## INFORMATION PROVIDED

= = =

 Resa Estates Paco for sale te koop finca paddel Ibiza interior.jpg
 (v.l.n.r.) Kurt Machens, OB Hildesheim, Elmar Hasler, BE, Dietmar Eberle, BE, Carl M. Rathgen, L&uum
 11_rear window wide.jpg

= = =

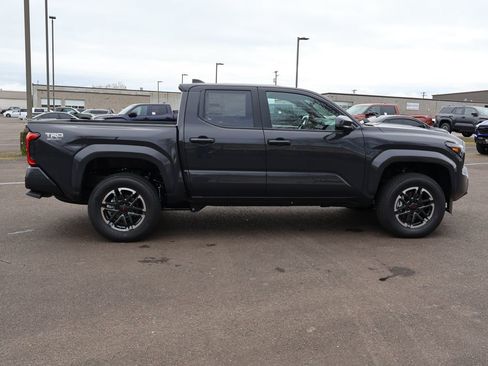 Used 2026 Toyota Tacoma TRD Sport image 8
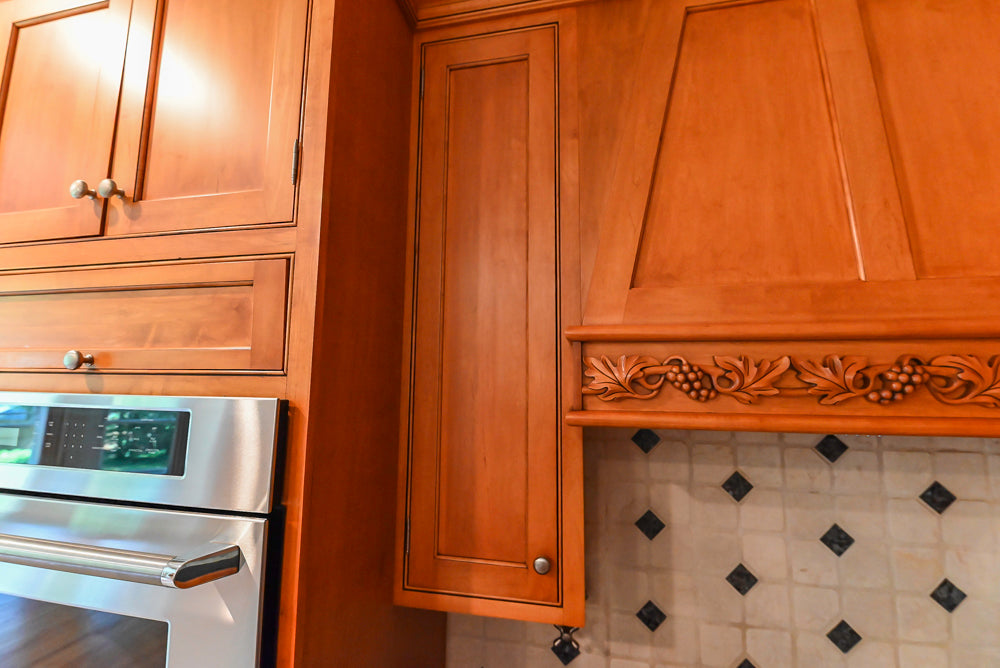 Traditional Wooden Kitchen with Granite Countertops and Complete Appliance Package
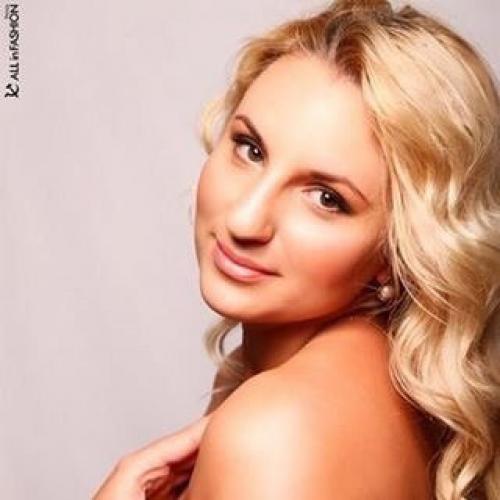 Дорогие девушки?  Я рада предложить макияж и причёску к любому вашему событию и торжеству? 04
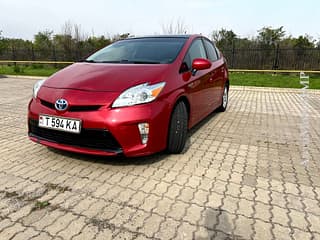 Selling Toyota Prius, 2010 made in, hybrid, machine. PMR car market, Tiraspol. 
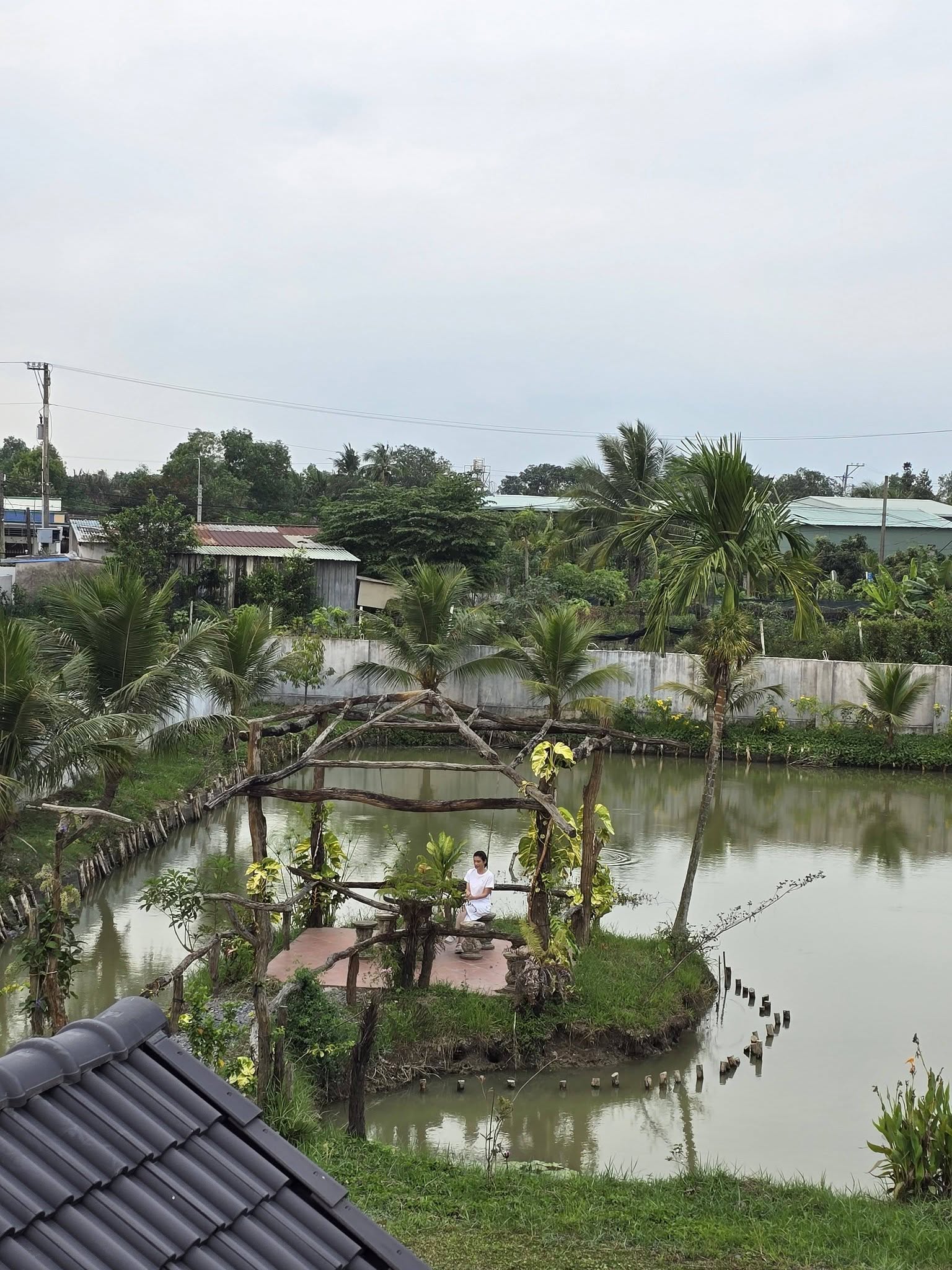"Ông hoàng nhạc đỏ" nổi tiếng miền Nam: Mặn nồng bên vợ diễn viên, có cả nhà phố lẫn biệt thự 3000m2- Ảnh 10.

= = =

## PROBLEM DETAILS
Once you find the line with "Resa Estates Paco" in the entries above, output it and each line after it up to and including the line with "11_rear window wide.jpg", and nothing else.

## ANSWER TO THE EXERCISE
 Resa Estates Paco for sale te koop finca paddel Ibiza interior.jpg
 (v.l.n.r.) Kurt Machens, OB Hildesheim, Elmar Hasler, BE, Dietmar Eberle, BE, Carl M. Rathgen, L&uum
 11_rear window wide.jpg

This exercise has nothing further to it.